“The Duke of Buccleuch tells me that you are very zealous in American affairs. My notion is that the matter is not so important as is commonly imagined. If I be mistaken, I shall probably correct my error when I see you or read you. Our navigation and general commerce may suffer more than our manufactures. Should London fall as much in its size as I have done, it will be the better. It is nothing but a hulk of bad and unclean humours.”

At last the book appears, and Hume writes his friend, April 1st, 1776:— {p-xiii}

“I am much pleased with your performance; and the perusal of it has taken me from a state of great anxiety. It was a work of so much ex­pec­ta­tion by your­self, by your friends, and by the pub­lic, that I trem­bled for its first ap­pearance, but am now much relieved. Not but that the reading of it neces­sarily requires so much attention, and the public is dis­posed to give so little, that I shall still doubt for some time of its being at first very popular. But it has depth and solidity and acuteness, and is so much illustrated by curious facts that it must at last take the public at­ten­tion. It is probably much improved by your last abode in London. If you were here at my fire­side, I should dispute some of your prin­ci­ples. I cannot think that the rent of farms makes any part of the price of pro­duce,​[6] but that the price is determined altogether by the quantity and the demand. . . . But these and a hundred other points are fit only to be discussed in con­ver­sa­tion.”

Hume, though he “took a particular pleasure in the company of modest women, and had no reason to be displeased with the reception he met with from them,” died unmarried. Adam Smith also died unmarried, “though he was for several years,” according to Dugald Stewart, “attached to a young lady of great beauty and accomplishment.” Hume, in the Essay “Of the Study of History,” speaks of being desired once by “a young beauty for whom I had some passion to send her some novels and romances for her amusement.” David was a “canny” man though. In these circumstances the following playful sally in a letter from Hume to Mrs. Dysart, of Eccles, a relative, may have interest:—“What arithmetic will serve to fix the proportion between good and bad wives, and rate the different classes of each? Sir Isaac Newton himself, {p-xiv} who could measure the course of the planets and weigh the earth as in a pair of scales—even he had not algebra enough to reduce that amiable part of our species to a just equation; and they are the only heavenly bodies whose orbits are as yet uncertain.”

The foregoing are mere glimpses of this truly great man, and are offered with a view to awakening and stimulating amongst general readers a desire for first-hand knowledge of David Hume.

W. B. R.

May 1906.

MY OWN LIFE.

It is difficult for a man to speak long of himself without vanity; therefore, I shall be short.
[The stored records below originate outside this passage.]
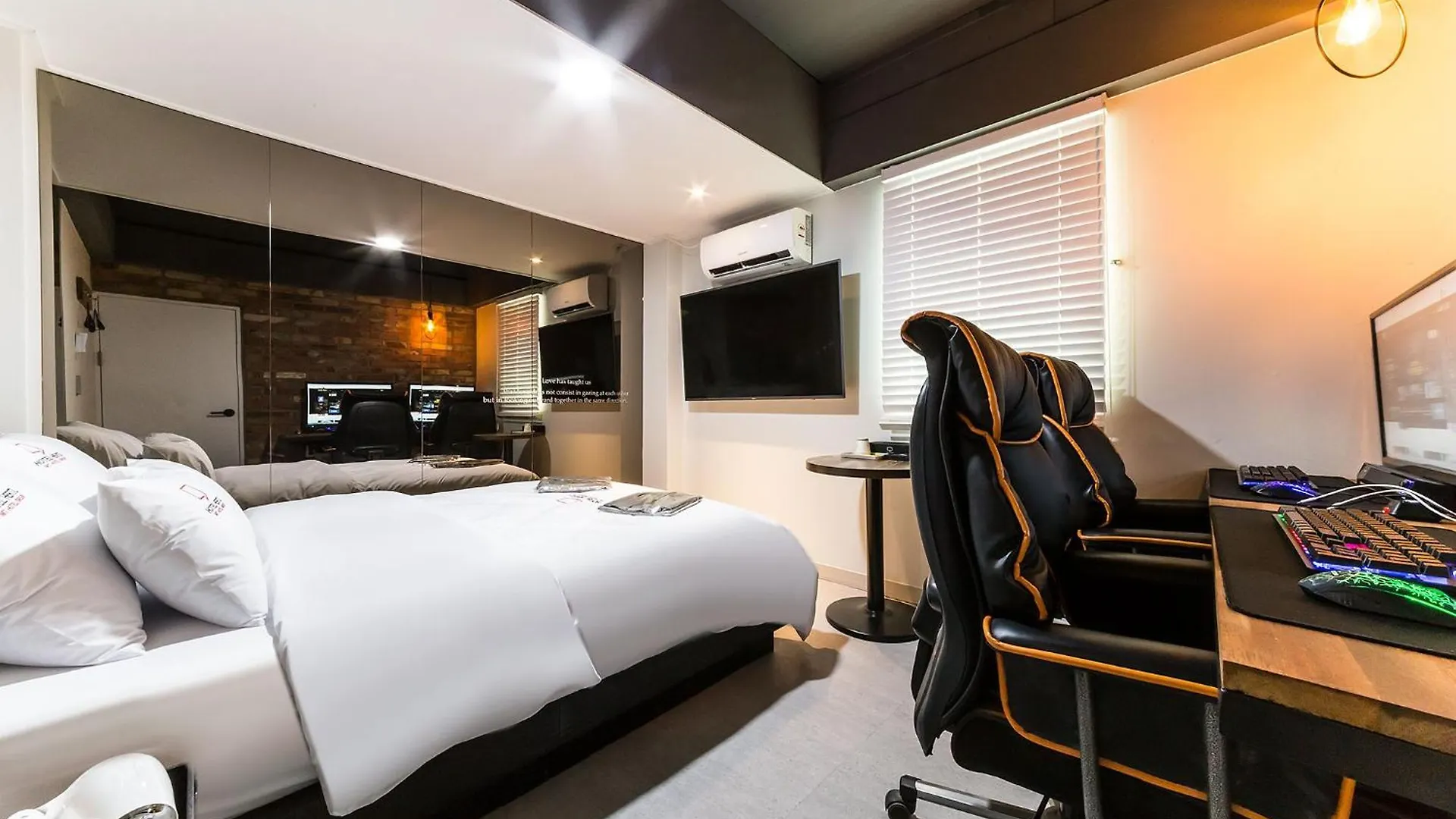 헤르츠 호텔 인천 대한민국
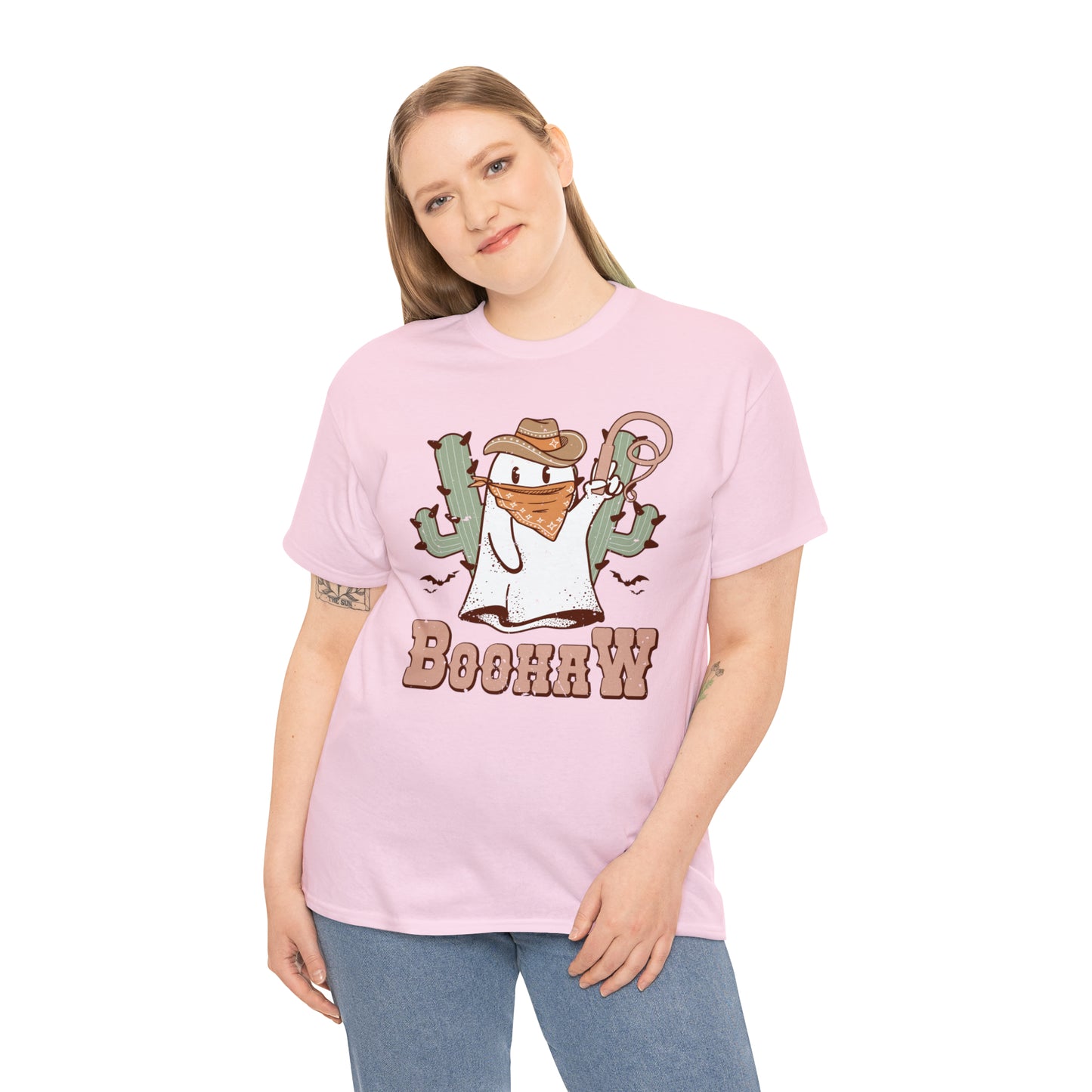 Heavy Cotton Tee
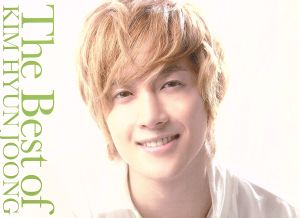 The Best of KIM HYUN JOONG(初回限定盤A)(Blu-ray Disc付)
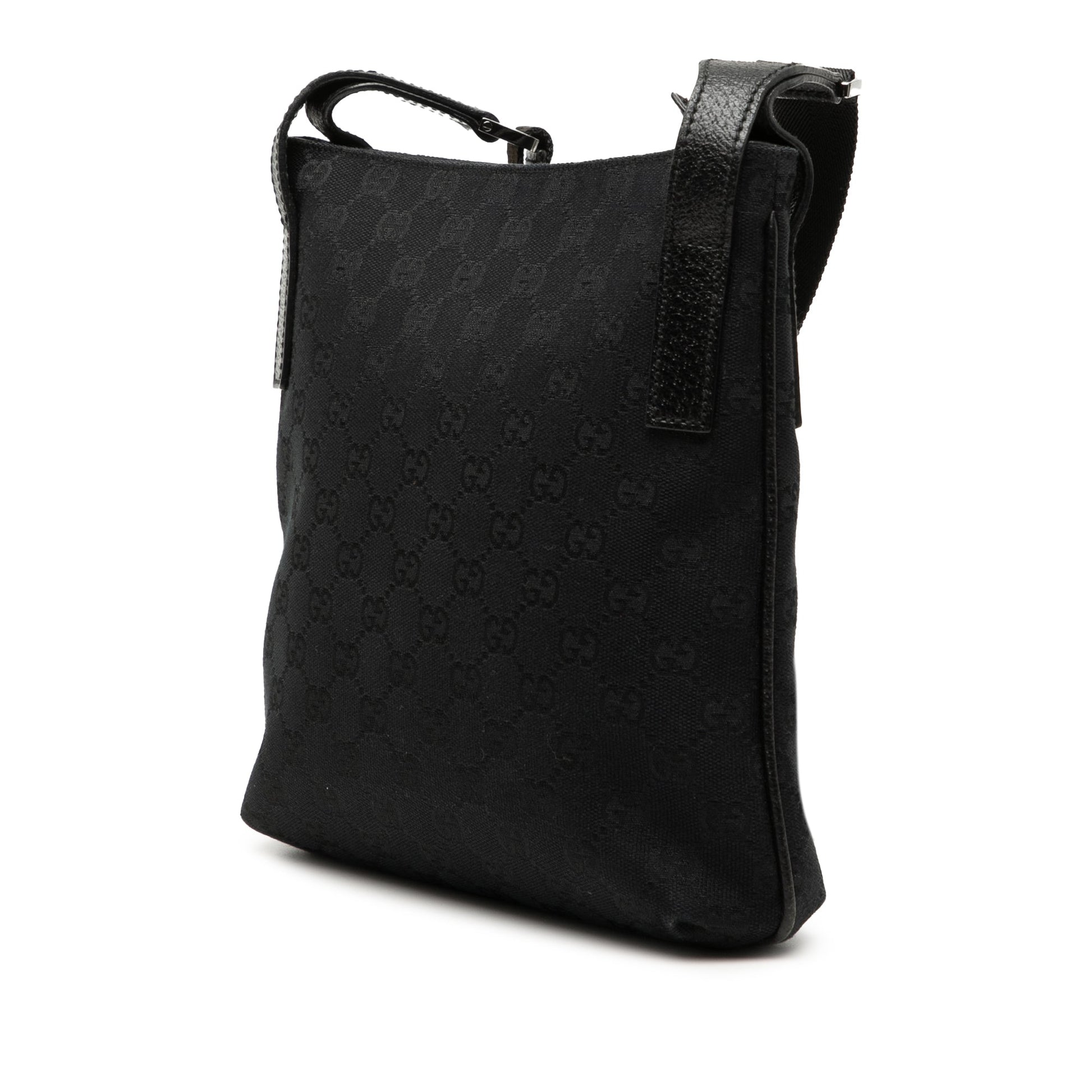 Gucci GG Canvas Crossbody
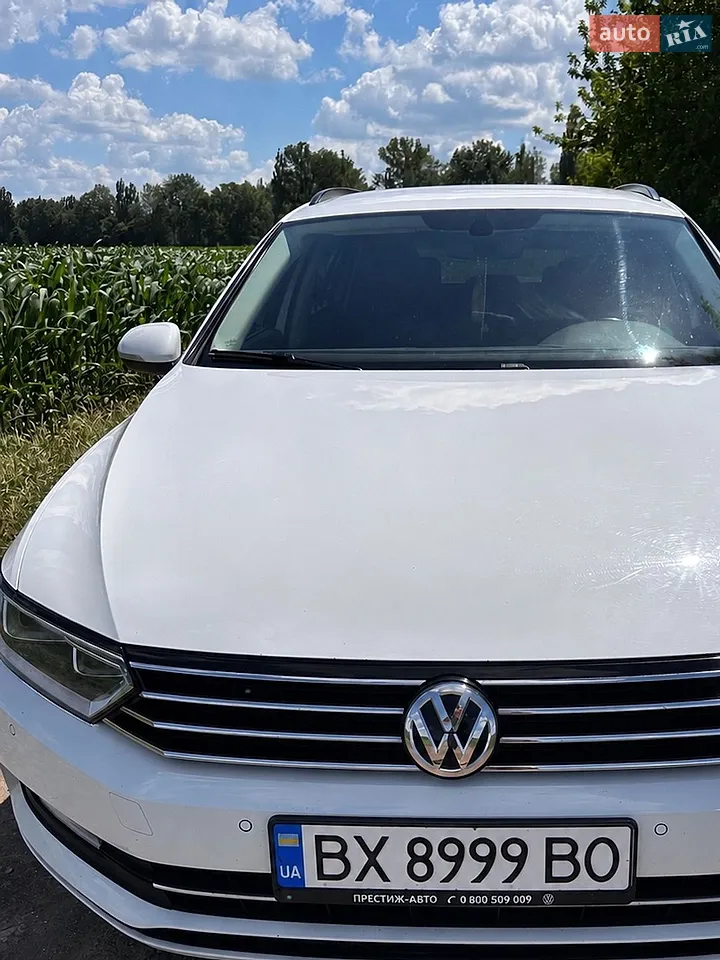 2020 Volkswagen Passat - мініатюра 33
It may be thought an instance of vanity that I pretend at all to write my life; but this narrative shall contain little more than the History of my Writings; as, indeed, almost all my life has been spent in literary pursuits and occupations. The first success of most of my writings was not such as to be an object of vanity.

I was born the 26th of April 1711, old style, at Edinburgh. I was of a good family, both by father and mother. My father’s family is a branch of the Earl of Home’s or Hume’s; and my ancestors had been proprietors of the estate, which my brother possesses, for several generations. My mother was daughter of Sir David Falconer, President of the College of Justice; the title of Halkerton came by succession to her brother.